Five Minute Quickstart with cbElasticSearch

Last week I built a small search application using ElasticSearch and ColdBox, and holy cow - it was super easy using the cbElasticSearch module. Here's how to quickly get started using cbElasticSearch for your application.

Minute One: Downloading and Running ElasticSearch

First, we're going to need an ElasticSearch server to play with.

By far the easiest option is to use Docker to download (via docker pull) and start (via docker run) an ElasticSearch image. This literally takes two commands and less than 60 seconds.

Assuming you are using Docker (and why not?), you can start up an ES image like this:

docker pull elasticsearch:7.5.1
docker run -d --name elasticsearch \
 -p 9200:9200 \
 -p 9300:9300 \
 -e "discovery.type=single-node" \
 elasticsearch:7.5.1

Note: I tried using the latest tag when pulling and starting an ES docker container, but in each case I had an error that looked like Error response from daemon: manifest for docker.elastic.co/elasticsearch/elasticsearch:latest not found For whatever reason, it seems the ElasticSearch docker container does not support the latest tag, so I was able to get around that by using the current latest version number, 7.5.1. Simple enough.

And that's all it takes to get an ES instance up and running. Sure, there's a lot more configuration you could ( and probably should) do before hitting production. But for a quick demo, this is perfect.
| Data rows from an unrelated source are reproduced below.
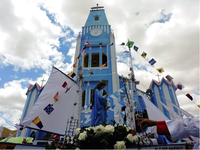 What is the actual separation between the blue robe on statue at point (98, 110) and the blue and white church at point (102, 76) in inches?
211

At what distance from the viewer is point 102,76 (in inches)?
502

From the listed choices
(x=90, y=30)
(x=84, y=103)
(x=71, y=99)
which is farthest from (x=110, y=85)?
(x=90, y=30)

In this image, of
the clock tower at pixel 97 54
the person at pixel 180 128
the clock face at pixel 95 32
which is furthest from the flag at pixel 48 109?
the clock face at pixel 95 32

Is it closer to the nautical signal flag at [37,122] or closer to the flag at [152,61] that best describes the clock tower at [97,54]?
the flag at [152,61]

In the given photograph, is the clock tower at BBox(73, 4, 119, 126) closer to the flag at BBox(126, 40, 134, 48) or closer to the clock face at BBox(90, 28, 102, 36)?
the clock face at BBox(90, 28, 102, 36)

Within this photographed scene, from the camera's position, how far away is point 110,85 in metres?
12.2

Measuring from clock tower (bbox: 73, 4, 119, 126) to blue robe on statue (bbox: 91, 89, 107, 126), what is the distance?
530 cm

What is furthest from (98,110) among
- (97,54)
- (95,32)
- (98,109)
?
(95,32)

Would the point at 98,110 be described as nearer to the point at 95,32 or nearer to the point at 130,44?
the point at 130,44

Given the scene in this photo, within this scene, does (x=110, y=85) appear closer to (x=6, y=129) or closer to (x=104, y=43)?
(x=104, y=43)

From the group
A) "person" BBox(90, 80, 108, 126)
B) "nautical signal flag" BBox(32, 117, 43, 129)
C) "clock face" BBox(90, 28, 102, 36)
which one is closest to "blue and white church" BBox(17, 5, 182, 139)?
"clock face" BBox(90, 28, 102, 36)

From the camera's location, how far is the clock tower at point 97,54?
38.8 ft

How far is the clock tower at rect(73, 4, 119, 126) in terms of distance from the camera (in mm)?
11812

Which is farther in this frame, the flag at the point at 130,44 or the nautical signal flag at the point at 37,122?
the flag at the point at 130,44
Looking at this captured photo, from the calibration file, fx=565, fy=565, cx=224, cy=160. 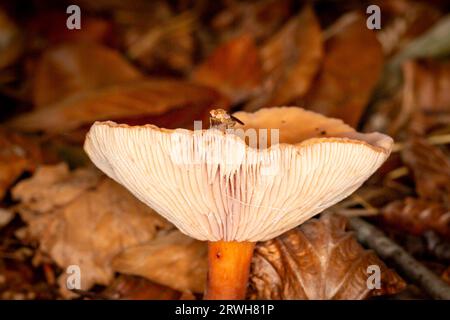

Two bash commands and we're off.

By the way, you're going to need the cbElasticSearch module documentation, currently hosted at https://ortus.gitbook.io/cbelasticsearch.

Minute Two: Installing cbElasticSearch

The next thing you need is the cbElasticSearch module which provides a simple API for working with ElasticSearch.

In CommandBox, run:

install cbelasticsearch

When this completes, you should have a modules/cbelasticsearch folder in your ColdBox app.

Minute Three: Creating an ElasticSearch Index

Next you'll need an index for storing documents in. (I won't explain what an ES index is since many others have more accurate definitions.)

To create the index, I want to make sure it exists before any application code run. This could be on a new developer's machine on first start, it could be on first startup in production, etc. The key idea is to create the index on startup if it does not exist.

Oh, and this is a five-minute demo, so there's probably a "better" way to do this. Regardless, it seemed to work for me!

First I created an interceptors/InitIndex.cfc file. This is a ColdBox "interceptor", and I pointed my app to it using the interceptors configuration in config/ColdBox.cfc:

component {
    function configure(){
        // Other ColdBox and app settings...
        // ...

        // register the interceptor which runs on app start/reinit
        // and sets up the ES index
        interceptors = [{
            class = "interceptors.InitIndex",
            properties    = {},
            name            = "InitIndex"
        }];
    }
}

Next, in the InitIndex.cfc interceptor file I used the following to check for an index and create it if it doesn't exist:

component {
    /**
     * After the config has loaded on first startup or reinit, I think.
     */
    void function afterConfigurationLoad( event, interceptData ){
        if ( !getESClient().indexExists( "myDat" ) ){
            createIndex();
        }
    }
    /**
     * Creates the myDat index
     */
    private function createIndex(){
        getIndexBuilder().new(
            "myDat",
            {
                "_doc" = {
                    "_all" = { "enabled" = false },
                    "properties" = {
                        "title" = { "type" = "text" },
                        "tags" = { "type" = "keyword" },
                        "description" = { "type" = "text" }
                    }
                }
            }
        ).save();
    }

    /**
     * Load ElasticSearch client model from the cbElasticSearch module
     */
    Client function getESClient() provider="Client@cbElasticsearch"{}

    /**
     * Load ElasticSearch index builder model from the cbElasticSearch module
     */
    IndexBuilder function getIndexBuilder() provider="IndexBuilder@cbElasticsearch"{}
}

This file hooks into the afterConfigurationLoad app lifecycle event in ColdBox to run during application startup and on every app reinit. This way I know that the ES index will be created by the time ColdBox is running my app code.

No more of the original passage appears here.